Education: There has been a proliferation of efforts to teach critical information skills in schools, but the paper finds no research on the causal impact of such training on accurate news source credibility assessment. Moreover, emphasizing fake news may unintentionally reduce perceived credibility of real news outlets.

The paper concludes that individual-level interventions alone are insufficient, as they conflict with broader patterns of collective cognition and structural polarization.

Platform-Based Interventions

The paper highlights that approximately 44% of Americans get news from social media, with Facebook dominant. Platforms are designed to maximize engagement through complex statistical models and personalization algorithms, which may amplify selective exposure. Bots and cyborgs manipulate platforms extensively—they were responsible for significant political content during the 2016 campaign and have attempted to influence other elections.

Possible platform interventions include: - Providing users signals of source quality - Incorporating source quality into algorithmic rankings - Minimizing personalization of political information - Excluding bot activity from trending metrics - Curbing automated spread of news by bots and cyborgs

The paper emphasizes that platform claims about their effectiveness (e.g., Facebook's claim that manipulations account for less than 0.1% of civic content) are unverifiable and self-serving. It advocates for transparent, third-party audits of how major platforms filter information.

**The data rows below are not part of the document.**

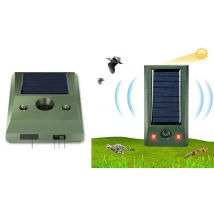 Solar-Powered Ultrasonic Animal Repellent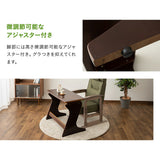 高座椅子用 テーブル デスク 幅80cm 長方形 木製 高さ調節可能 コンパクト 軽量 補助テーブル 一人用テーブル 食卓 机 作業台 天然木 高齢者 シニア 食事 介護 補助 ショールーム体験可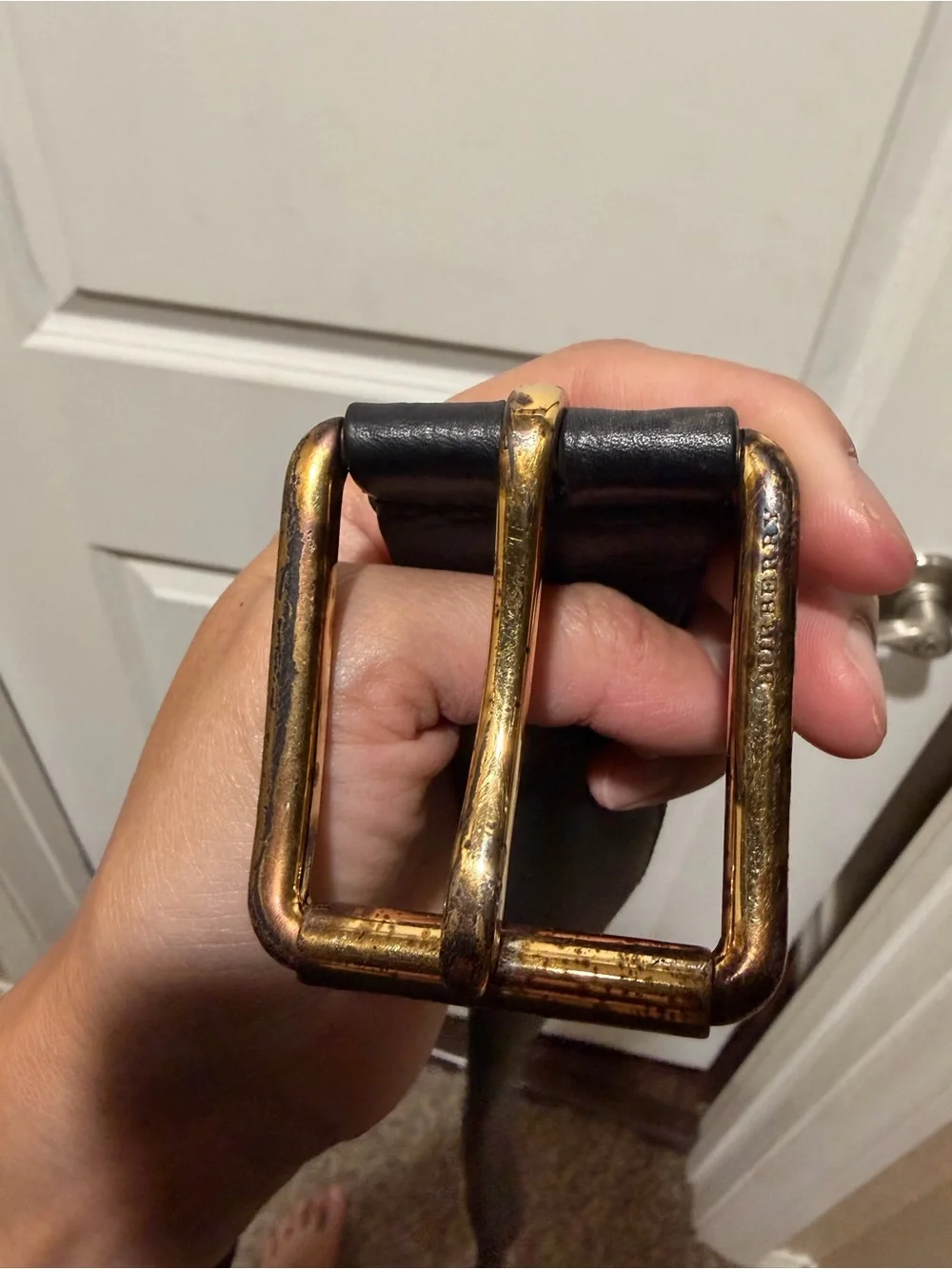 Burberry Belt Size 38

Call for Collaboration and Regulation

The paper argues for ethical responsibility of platforms to collaborate with academics on evaluating the scope of the problem and effectiveness of interventions. It discusses regulatory options—direct government regulation carries risks of impartiality, while tort liability under Section 230 of the Communications Decency Act faces legal obstacles. The fundamental question is how the vast powers of Internet oligopolies should be exercised.

Connections

Notes

This paper is foundational in establishing fake news as a legitimate scientific problem deserving multidisciplinary attention. Its definition is widely adopted in subsequent research, though some scholars debate the "fake news" terminology given its political weaponization. The paper's honest assessment of knowledge gaps—particularly on prevalence and long-term impact—sets a rigorous bar for the field and has driven subsequent empirical work. The 2018 publication date places it early in the modern fake news research era (post-2016 election), and its call for platform-academic collaboration has influenced the landscape, though with mixed results due to platform resistance to scrutiny. The technical discussion of bots and algorithmic amplification remains prescient given subsequent research on coordinated inauthentic behavior and content moderation.